According to the National Institute of Diabetes and Digestive and Kidney Diseases, tests may vary depending on the severity of constipation and even the patient’s age. All factors included, the following tests are available:

  • Colonoscopy - This procedure is used to view your rectum and entire column through video imaging
  • Colorectal Transit Studies - These are tests that show how well stool moves through your colon through the use of radiopaque markers or scintigraphy.
  • Anorectal Function Tests - These studies would show problems in your anus or rectum, the most common type of which is anal manometry. This measures the pressure in within the anorectal area and can detect the presence of nerve and/or muscle problems that prevent normal transit of stools.
  • Lower GI Series or Radiography - This makes use of barium that is allowed to travel through the entire colon. A radiographic picture of your entire digestive tract is taken to determine the presence of blockages or anatomical problems that prevent normal defecation.
  • Imaging Studies (like Magnetic Resonance Imaging or Computerized Tomography scan) - This will help determine the presence of medical conditions that may be causing constipation.

Causes of Constipation

Just like any condition, constipation can have several causes, and can be because of something as simple as a change in one’s diet or as complicated hypothyroidism or Parkinson’s Disease. Common causes include:

  • Diet low in fiber
  • Poor fluid or water intake
  • Sudden shift to a sedentary lifestyle from an active one; lack in exercise
  • Ignoring the urge to pass stools
  • Pregnancy
  • Intake of medications that cause constipation (antacids, anti-depressants, calcium and iron supplements)
  • Presence of medical conditions such as diabetes, hypothyroidism, muscular dystrophy, Multiple Sclerosis, Parkinson’s Disease, Spinal Cord Injury, Irritable Bowel Syndrome or Disorder

Complications of Chronic Constipation

Complications often arise in the later, more advanced stage of constipation.

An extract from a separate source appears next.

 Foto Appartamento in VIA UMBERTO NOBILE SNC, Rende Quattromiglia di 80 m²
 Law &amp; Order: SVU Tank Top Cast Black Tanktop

Because of the inability to relieve signs and symptoms early on, you may experience greater difficulty in passing stools, which are often very hard and try. Often due to straining, complications like the following may arise:

  • Hemorrhoids or swelling of the veins around the anus
  • Fecal Impaction or accumulation of hardened stools that is difficult to pass out
  • Rectal Prolapse or protrusion of a certain part of the anus due to difficulty in passing stools or straining
  • Anal Fissure or tiny tears in the anus

Addressing Constipation

In simple cases, laxatives often address the problem and can relieve you immediately. Because there are different types of laxatives, and different over-the-counter medications available to almost any individual, and it is important to determine the cause of the constipation so that the appropriate medication can be given. Consult your doctor prior to taking any medication. For your information, some of the more commonly used agents include:

  • Bulk-forming agents
  • Osmotic agents
  • Stool softeners
  • Lubricants
  • Stimulants

Preventing Constipation

Knowing the causes of constipation is the first step in preventing this condition from developing. Problems in regular bowel movement can arise in as early as childhood, so it is best to practice good toilet habits while you or your children are young. The following tips are helpful in preventing constipation:

  • Eat a well-balanced diet with lots of fruits and vegetables and include a variety of fiber-rich food
  • Load up on water daily, 2-3 liters for women, 3-4 liters for men depending on the amount of physical activity in a day
  • Exercise regularly or do a little walking from time to time. This increases motility in your digestive tract.
  • Do bowel training. Set a specific time each day, usually best during the least busy part of your day. Sit in the toilet bowl until you feel the urge. Do this daily and your digestive tract will be trained like clock-work.